VGAM (version 1.0-4)

# lino: Generalized Beta Distribution Family Function

## Description

Maximum likelihood estimation of the 3-parameter generalized beta distribution as proposed by Libby and Novick (1982).

## Usage

lino(lshape1 = "loge", lshape2 = "loge", llambda = "loge",
ishape1 = NULL,   ishape2 = NULL,   ilambda = 1, zero = NULL)

## Arguments

lshape1, lshape2

Parameter link functions applied to the two (positive) shape parameters $$a$$ and $$b$$. See Links for more choices.

llambda

Parameter link function applied to the parameter $$\lambda$$. See Links for more choices.

ishape1, ishape2, ilambda

Initial values for the parameters. A NULL value means one is computed internally. The argument ilambda must be numeric, and the default corresponds to a standard beta distribution.

zero

Can be an integer-valued vector specifying which linear/additive predictors are modelled as intercepts only. Here, the values must be from the set {1,2,3} which correspond to $$a$$, $$b$$, $$\lambda$$, respectively. See CommonVGAMffArguments for more information.

## Value

An object of class "vglmff" (see vglmff-class).

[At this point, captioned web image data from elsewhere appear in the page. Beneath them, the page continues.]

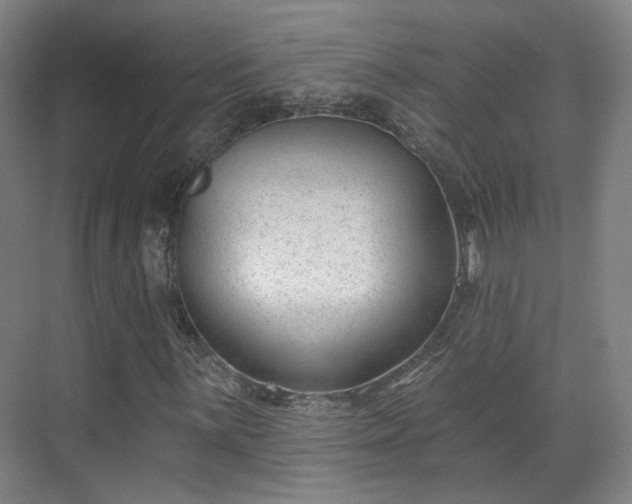 X0000070241059200606091329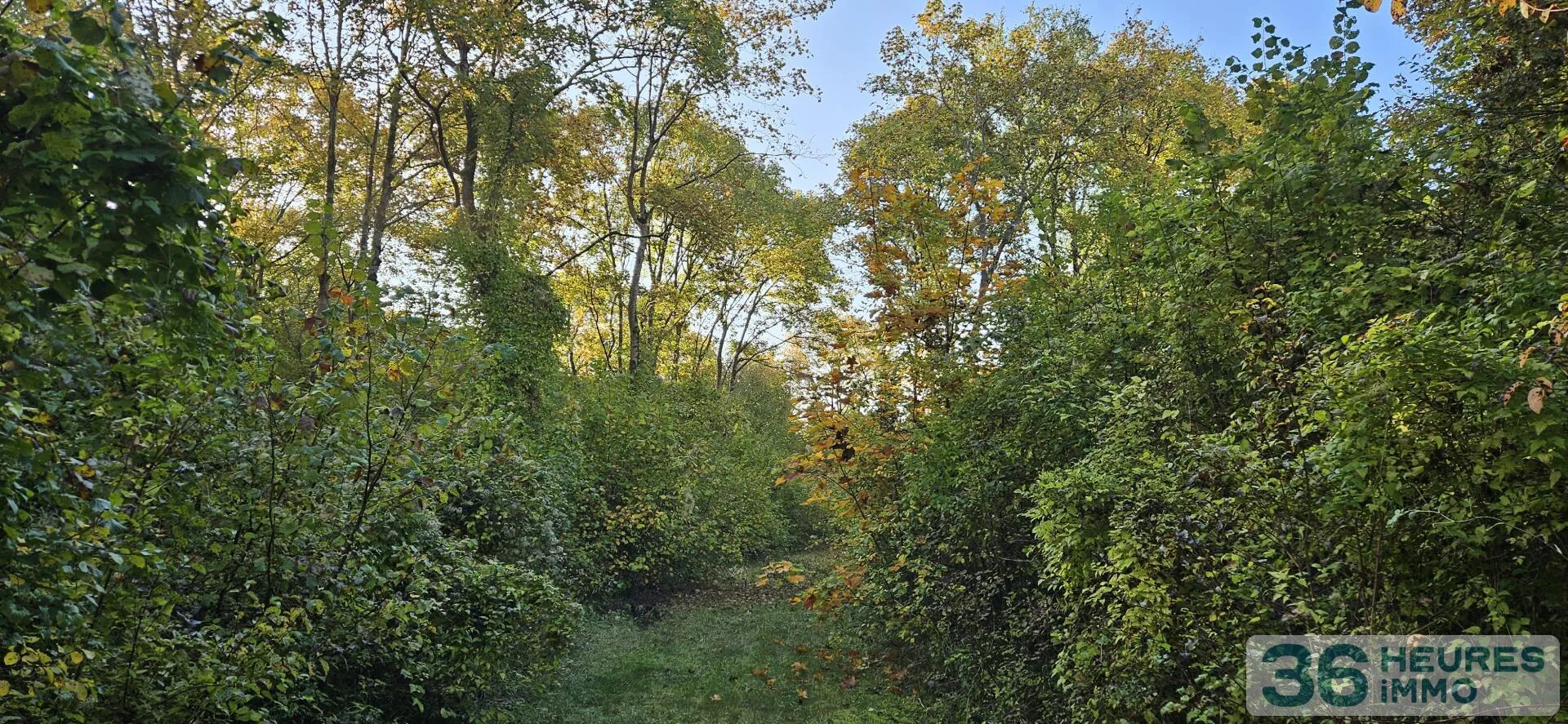 Propriété à Beine-Nauroy — photo 2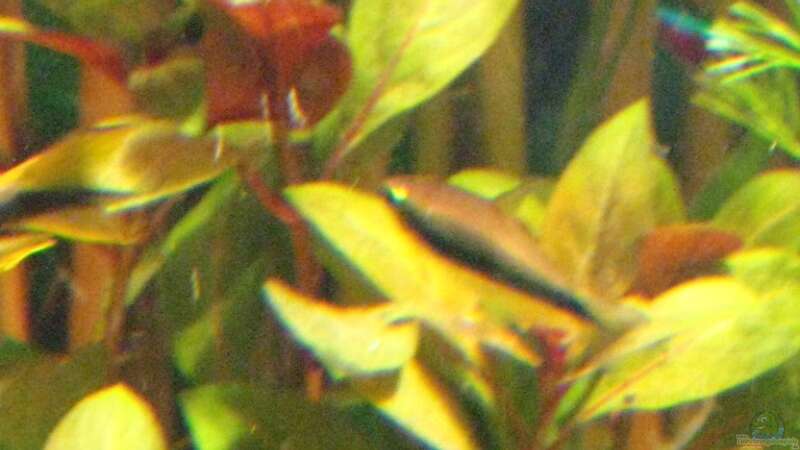 Pflanzen im Aquarium Becken 10861 von Me)-(@niC ©® (14)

The object is used by modelling functions such as vglm, and vgam.

## Details

Proposed by Libby and Novick (1982), this distribution has density $$f(y;a,b,\lambda) = \frac{\lambda^{a} y^{a-1} (1-y)^{b-1}}{ B(a,b) \{1 - (1-\lambda) y\}^{a+b}}$$ for $$a > 0$$, $$b > 0$$, $$\lambda > 0$$, $$0 < y < 1$$. Here $$B$$ is the beta function (see beta). The mean is a complicated function involving the Gauss hypergeometric function. If $$X$$ has a lino distribution with parameters shape1, shape2, lambda, then $$Y=\lambda X/(1-(1-\lambda)X)$$ has a standard beta distribution with parameters shape1, shape2.

Since $$\log(\lambda)=0$$ corresponds to the standard beta distribution, a summary of the fitted model performs a t-test for whether the data belongs to a standard beta distribution (provided the loge link for $$\lambda$$ is used; this is the default).

## References

Libby, D. L. and Novick, M. R. (1982) Multivariate generalized beta distributions with applications to utility assessment. Journal of Educational Statistics, 7, 271--294.

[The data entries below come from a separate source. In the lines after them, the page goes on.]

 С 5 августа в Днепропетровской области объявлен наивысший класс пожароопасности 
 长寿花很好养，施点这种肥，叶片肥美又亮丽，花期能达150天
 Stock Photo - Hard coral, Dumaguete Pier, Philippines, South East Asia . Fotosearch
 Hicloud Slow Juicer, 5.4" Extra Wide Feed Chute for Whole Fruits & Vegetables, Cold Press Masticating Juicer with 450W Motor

Gupta, A. K. and Nadarajah, S. (2004) Handbook of Beta Distribution and Its Applications, NY: Marcel Dekker, Inc.

Lino, genbetaII.

## Examples

Run this code
# NOT RUN {
ldata <- data.frame(y1 = rbeta(n = 1000, exp(0.5), exp(1)))  # ~ standard beta
fit <- vglm(y1 ~ 1, lino, data = ldata, trace = TRUE)
coef(fit, matrix = TRUE)
Coef(fit)